NMPF opposes Goodlatte-Scott amendment

Not surprisingly, the National Milk Producers Federation (NMPF) issued a statement opposing the Goodlatte/Scott amendment introduced on Monday, raising concerns House leadership may be pressuring Republican members to vote for the amendment.

U.S. Rep. Bob Goodlatte (D-Va.) and others introduced the Goodlatte/D. Scott/C. Collins/Moran/Duffy/Polis/Coffman/Meeks/Issa/DeGette/Sessions Amendment to the House version of the 2013 Farm Bill (H.R. 1947, the Federal Agriculture Reform and Risk Management (FARRM) Act of 2013). The amendment strikes the Dairy Market Stabilization Program (DMSP), part of the Dairy Security Act  included in the base text of the FARRM Act, replacing it with a stand-alone margin insurance program for dairy producers. 

“The nation’s dairy farmers strongly oppose efforts in the House to gut the farm bill’s dairy title through an amendment offered by Reps. Goodlatte and Scott,” said Jerry Kozak, NMPF president and CEO. “We urge members of the House to reject this amendment, which would undo four years of hard work to develop a new, cost-effective safety net for America’s dairy farmers.

“We understand that the House leadership is pressuring members to vote in favor of the Goodlatte-Scott amendment,” he continued. “But if the debate on the farm bill’s dairy title is about what the best policy is for taxpayers and consumers, as well as farmers, then we have the best case to make to Congress.

“The Dairy Security Act, already approved twice by the House Agriculture Committee, and contained in the Senate-passed farm bill, creates a voluntary margin insurance program,” Kozak explained. “The costs for this are shared by farmers and mitigated by the program’s market stabilization element.
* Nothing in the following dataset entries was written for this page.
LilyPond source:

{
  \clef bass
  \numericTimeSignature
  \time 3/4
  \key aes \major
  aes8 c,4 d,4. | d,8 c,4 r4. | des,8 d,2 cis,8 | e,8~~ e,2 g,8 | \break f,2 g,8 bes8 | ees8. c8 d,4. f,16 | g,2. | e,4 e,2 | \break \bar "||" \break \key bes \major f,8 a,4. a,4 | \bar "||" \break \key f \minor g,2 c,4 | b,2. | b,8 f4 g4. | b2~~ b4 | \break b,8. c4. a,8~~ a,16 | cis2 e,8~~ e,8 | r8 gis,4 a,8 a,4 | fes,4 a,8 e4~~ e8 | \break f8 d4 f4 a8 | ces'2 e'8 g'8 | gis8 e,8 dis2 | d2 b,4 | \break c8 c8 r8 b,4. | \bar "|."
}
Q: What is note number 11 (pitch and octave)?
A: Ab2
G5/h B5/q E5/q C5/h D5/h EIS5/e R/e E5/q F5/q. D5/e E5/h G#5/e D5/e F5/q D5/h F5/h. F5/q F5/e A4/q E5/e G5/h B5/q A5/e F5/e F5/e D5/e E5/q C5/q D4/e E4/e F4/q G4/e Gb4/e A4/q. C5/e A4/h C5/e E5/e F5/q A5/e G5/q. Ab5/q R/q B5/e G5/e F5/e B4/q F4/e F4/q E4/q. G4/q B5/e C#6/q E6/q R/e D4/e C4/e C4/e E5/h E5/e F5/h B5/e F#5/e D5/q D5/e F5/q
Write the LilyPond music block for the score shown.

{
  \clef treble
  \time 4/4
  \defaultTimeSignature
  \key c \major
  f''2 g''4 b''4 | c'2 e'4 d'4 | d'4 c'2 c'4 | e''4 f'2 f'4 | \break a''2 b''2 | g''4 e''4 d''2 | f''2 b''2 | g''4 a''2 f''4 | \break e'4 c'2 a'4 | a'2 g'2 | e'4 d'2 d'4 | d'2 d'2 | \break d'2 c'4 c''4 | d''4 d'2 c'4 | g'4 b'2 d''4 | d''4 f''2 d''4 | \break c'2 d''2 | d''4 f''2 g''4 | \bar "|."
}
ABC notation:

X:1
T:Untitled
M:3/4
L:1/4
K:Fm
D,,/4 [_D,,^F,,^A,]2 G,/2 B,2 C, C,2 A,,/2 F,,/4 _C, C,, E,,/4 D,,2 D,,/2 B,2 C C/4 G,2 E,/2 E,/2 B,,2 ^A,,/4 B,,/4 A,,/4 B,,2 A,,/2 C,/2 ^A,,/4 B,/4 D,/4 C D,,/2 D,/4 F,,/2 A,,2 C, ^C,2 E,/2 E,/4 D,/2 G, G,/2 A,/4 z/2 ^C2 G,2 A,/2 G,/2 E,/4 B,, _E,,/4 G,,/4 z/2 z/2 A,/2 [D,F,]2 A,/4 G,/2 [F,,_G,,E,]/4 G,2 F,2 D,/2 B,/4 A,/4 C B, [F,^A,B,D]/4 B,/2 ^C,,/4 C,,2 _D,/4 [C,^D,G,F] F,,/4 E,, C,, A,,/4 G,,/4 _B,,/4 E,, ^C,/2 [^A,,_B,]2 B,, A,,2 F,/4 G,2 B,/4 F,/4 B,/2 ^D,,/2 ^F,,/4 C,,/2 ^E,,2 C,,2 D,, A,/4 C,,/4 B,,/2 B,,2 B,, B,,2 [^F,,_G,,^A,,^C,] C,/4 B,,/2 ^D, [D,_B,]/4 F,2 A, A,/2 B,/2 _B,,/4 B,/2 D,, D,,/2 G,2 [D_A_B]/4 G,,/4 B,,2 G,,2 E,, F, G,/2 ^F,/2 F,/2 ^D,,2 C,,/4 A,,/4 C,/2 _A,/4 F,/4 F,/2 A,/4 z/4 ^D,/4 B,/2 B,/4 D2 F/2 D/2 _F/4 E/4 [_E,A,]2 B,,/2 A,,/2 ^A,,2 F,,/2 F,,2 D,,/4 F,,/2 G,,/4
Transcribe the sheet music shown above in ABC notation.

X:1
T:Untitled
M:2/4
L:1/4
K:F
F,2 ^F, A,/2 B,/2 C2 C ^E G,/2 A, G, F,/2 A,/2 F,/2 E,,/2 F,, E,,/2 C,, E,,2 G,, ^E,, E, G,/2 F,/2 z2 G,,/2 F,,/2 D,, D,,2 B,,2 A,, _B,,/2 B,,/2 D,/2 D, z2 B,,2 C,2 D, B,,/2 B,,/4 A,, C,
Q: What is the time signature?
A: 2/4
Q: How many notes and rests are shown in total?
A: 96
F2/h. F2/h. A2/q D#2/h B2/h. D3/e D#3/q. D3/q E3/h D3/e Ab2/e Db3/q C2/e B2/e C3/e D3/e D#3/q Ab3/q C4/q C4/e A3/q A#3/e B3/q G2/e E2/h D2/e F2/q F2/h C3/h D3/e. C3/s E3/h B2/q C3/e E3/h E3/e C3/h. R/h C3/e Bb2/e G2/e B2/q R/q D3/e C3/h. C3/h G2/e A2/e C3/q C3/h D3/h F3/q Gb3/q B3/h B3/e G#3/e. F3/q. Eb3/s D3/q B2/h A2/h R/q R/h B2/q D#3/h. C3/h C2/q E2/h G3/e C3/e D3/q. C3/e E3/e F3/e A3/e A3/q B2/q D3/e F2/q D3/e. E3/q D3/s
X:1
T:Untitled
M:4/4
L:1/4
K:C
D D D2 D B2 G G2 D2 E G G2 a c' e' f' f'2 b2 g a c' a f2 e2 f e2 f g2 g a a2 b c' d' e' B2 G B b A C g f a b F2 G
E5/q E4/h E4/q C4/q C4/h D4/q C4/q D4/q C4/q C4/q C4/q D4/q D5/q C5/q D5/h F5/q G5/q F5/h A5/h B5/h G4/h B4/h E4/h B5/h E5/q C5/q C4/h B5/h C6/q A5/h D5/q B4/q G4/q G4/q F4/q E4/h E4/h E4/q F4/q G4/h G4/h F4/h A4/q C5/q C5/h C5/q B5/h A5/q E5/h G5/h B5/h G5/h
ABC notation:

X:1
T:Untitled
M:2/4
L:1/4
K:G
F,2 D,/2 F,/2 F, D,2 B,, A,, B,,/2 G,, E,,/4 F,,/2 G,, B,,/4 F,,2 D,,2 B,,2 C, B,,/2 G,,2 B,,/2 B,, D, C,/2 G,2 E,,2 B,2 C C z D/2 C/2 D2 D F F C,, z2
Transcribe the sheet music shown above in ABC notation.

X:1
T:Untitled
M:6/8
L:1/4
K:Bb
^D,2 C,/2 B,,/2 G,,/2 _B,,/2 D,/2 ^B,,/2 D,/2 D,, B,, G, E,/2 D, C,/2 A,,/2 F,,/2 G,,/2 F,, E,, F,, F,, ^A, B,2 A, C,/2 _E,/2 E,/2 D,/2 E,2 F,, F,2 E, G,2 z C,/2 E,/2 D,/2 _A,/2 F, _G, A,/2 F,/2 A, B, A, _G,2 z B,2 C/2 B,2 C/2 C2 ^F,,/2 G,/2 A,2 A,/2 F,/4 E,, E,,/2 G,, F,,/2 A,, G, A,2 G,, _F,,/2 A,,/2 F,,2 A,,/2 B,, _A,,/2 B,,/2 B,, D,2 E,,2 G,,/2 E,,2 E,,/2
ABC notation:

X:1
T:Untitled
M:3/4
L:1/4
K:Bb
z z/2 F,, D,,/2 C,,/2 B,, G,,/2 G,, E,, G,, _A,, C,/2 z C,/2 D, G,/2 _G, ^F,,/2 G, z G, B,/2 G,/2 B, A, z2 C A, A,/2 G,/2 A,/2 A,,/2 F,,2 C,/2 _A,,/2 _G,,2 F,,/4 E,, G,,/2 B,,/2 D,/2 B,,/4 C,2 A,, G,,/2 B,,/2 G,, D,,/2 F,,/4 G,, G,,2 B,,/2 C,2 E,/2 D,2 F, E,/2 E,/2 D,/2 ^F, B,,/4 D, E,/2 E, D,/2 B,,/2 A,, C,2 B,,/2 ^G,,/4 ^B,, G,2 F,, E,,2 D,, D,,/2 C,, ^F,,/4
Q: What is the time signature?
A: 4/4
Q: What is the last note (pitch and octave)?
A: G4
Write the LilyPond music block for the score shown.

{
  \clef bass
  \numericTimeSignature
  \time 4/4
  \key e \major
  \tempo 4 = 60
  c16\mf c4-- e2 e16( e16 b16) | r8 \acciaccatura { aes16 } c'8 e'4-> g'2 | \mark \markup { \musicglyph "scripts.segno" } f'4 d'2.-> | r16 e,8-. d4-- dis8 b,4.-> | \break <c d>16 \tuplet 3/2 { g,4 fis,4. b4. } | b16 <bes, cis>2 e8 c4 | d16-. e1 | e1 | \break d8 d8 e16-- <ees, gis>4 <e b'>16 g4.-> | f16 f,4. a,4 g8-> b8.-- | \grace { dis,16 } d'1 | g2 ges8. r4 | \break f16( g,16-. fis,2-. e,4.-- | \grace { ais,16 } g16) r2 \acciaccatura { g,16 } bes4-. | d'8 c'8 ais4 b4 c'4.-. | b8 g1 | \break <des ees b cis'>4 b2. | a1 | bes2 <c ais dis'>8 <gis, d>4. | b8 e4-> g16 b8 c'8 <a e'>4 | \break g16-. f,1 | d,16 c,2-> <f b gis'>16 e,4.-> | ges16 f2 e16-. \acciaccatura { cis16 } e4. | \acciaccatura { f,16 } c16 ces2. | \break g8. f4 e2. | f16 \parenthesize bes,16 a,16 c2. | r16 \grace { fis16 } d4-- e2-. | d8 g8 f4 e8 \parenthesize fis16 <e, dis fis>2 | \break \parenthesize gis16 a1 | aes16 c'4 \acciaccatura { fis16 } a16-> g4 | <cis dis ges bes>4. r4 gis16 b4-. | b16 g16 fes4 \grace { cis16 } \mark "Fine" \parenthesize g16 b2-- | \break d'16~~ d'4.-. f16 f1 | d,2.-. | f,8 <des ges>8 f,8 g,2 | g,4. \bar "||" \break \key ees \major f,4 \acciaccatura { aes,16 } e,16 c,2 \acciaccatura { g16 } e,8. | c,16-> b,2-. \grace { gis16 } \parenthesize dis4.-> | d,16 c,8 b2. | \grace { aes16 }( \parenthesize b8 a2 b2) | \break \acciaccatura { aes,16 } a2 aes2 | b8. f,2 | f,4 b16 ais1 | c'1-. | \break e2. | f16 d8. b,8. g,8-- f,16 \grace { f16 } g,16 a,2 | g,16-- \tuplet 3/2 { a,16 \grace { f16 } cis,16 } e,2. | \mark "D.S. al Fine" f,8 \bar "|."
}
By eliminating the market stabilization component, the Goodlatte-Scott approach removes the cost control mechanism from this measure, greatly increasing government and taxpayer costs.”

 “The Dairy Security Act is more in tune with where Congress wants to go with farm policy, in terms of limiting taxpayer costs and minimizing any impact on consumers,” he said. “In fact, it is dairy farmers who are urging Congress to eliminate three existing farm programs. It’s dairy farmers who have expressed genuine interest in limiting the costs of farm programs, unlike processors, who have no real stake in limiting  government costs, and stand to benefit by creating a surplus of milk that puts farm families out of business. Congress needs to side with farmers and their families, not corporate processors, in the debate about the future of farm policy.”